Today, we saw the debate occur on the trade treaty with the EU in the House of Commons. But as well as the treaty representing a triumph of negotiation for Boris Johnson’s team, it has also come in for some expected criticism. The Labour Party has called the trade deal with the EU thin. But what do they mean by this and is this indicative of the situation across the wider Europe of which we are part? A TUC document states that the trade deal attacks hard-won rights and that public services will continue to be underfunded. It goes on to say that we need to put decent work at the heart of trade deals and build a domestic strategy that supports investment in jobs and industries. It is a great shame that some still see a trade deal as needing to encompass everything and do not acknowledge that we have already left the EU. It is as if we still need permission from the EU to have our own domestic agenda and, for example, have workers’ rights in the UK. It is also ignores the work that has been going on, outside of the EU, in the Council of Europe since 1961.
In a typical and less command-and-control fashion, the Council of Europe set out in its Social Charter some high level concepts with which States could agree in whole or in part but where the implementation of how specific rules were delivered was left to the individual country concerned. The Social Charter must not be confused with the 'Social Chapter' which was introduced into the EU by the Maastricht Treaty over 35 years later. The Charter has nothing to do with the EU. We signed the 1961 version of the Council of Europe Charter in October 1961. We ratified it in July 1962 and it came into force in February 1965. We also signed the subsequent up-dating of the Social Charter on 7th November 1997. Given the way the Council of Europe works, the UK and other governments disapplied selected clauses of the Charter to show that while there were things that united us there were also differences in individual countries. There is still room for discussion over the future shape of the Charter. Most of this occurred under a Conservative Prime Minister, Harold Macmillan. It is a shame that today’s members of the Labour Party do not pay sufficient attention to the Charter.

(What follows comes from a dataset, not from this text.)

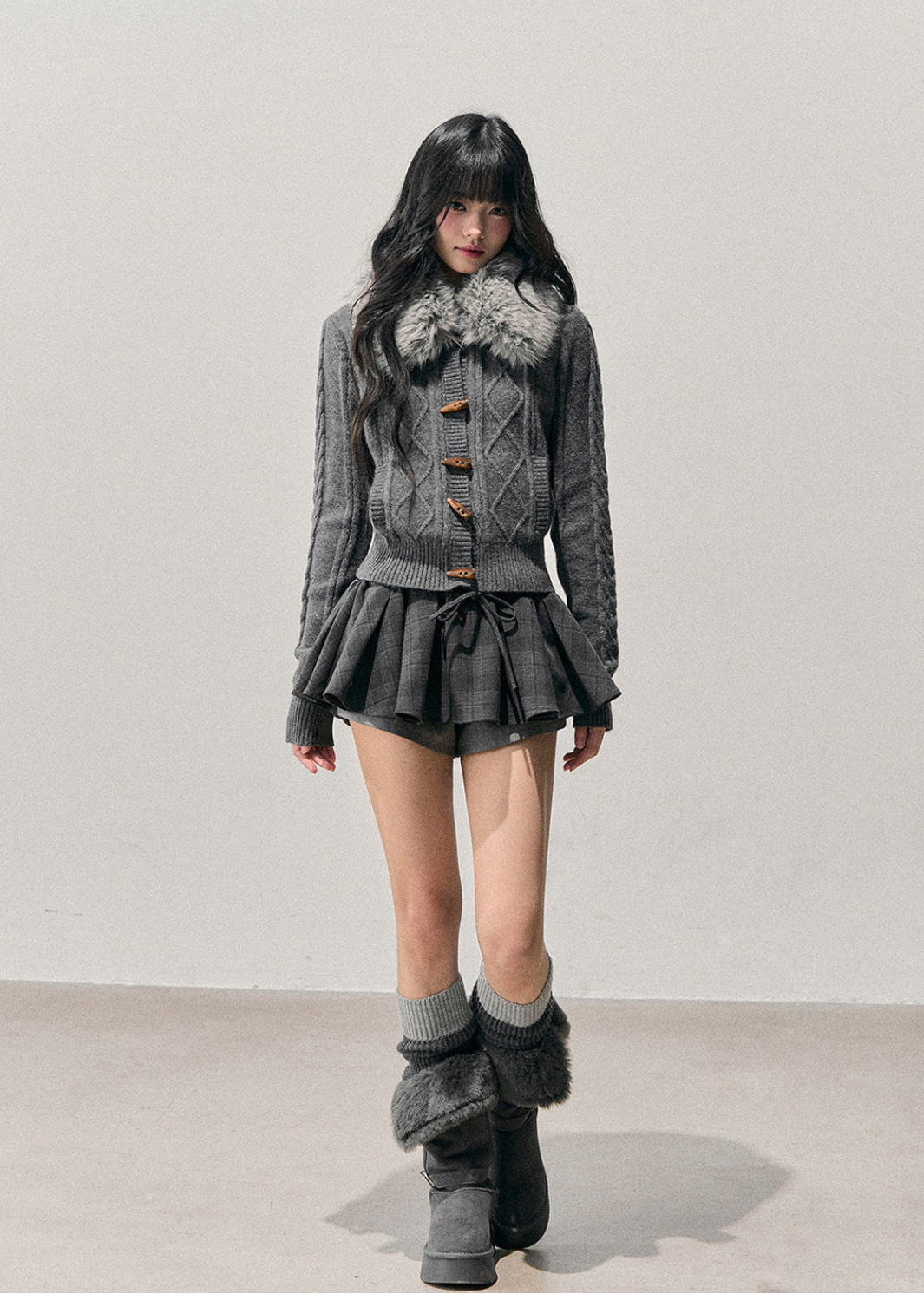 AOMALM cardigan, Korean knit sweater, horn button cardigan, feminine winter sweater, soft Korean style top, cable knit cardigan women, faux fur collar sweater, winter knit jacket women, slim fit knit cardigan, romantic Korean fashion, soft girl winter outfit, vintage button sweater, cozy feminine cardigan, Korean aesthetic clothing, winter layering knit top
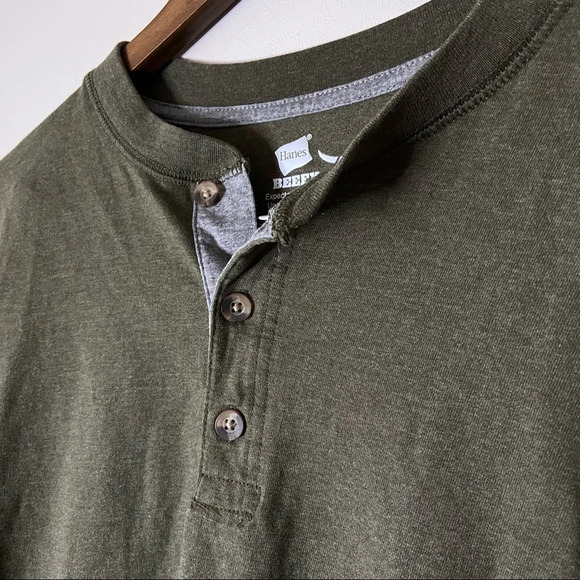 Beefy Shirt Cotton Soft Green Tee Durable Unexpectedly Soft Size Medium Button - Picture 2 of 8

In its long list of rights set out at the beginning of the Charter are such issues as workers rights to freely associate in trade unions; maternity rights; vocational training; protection of the family; and the absence of sexual discrimination. By Conservative members of the Council focusing on the Charter and bringing it up to date, rather than shoe-horning it all into an inappropriate treaty, it shows how we understand how the world order works, what its limitations are and how it is possible to both have your cake and eat it.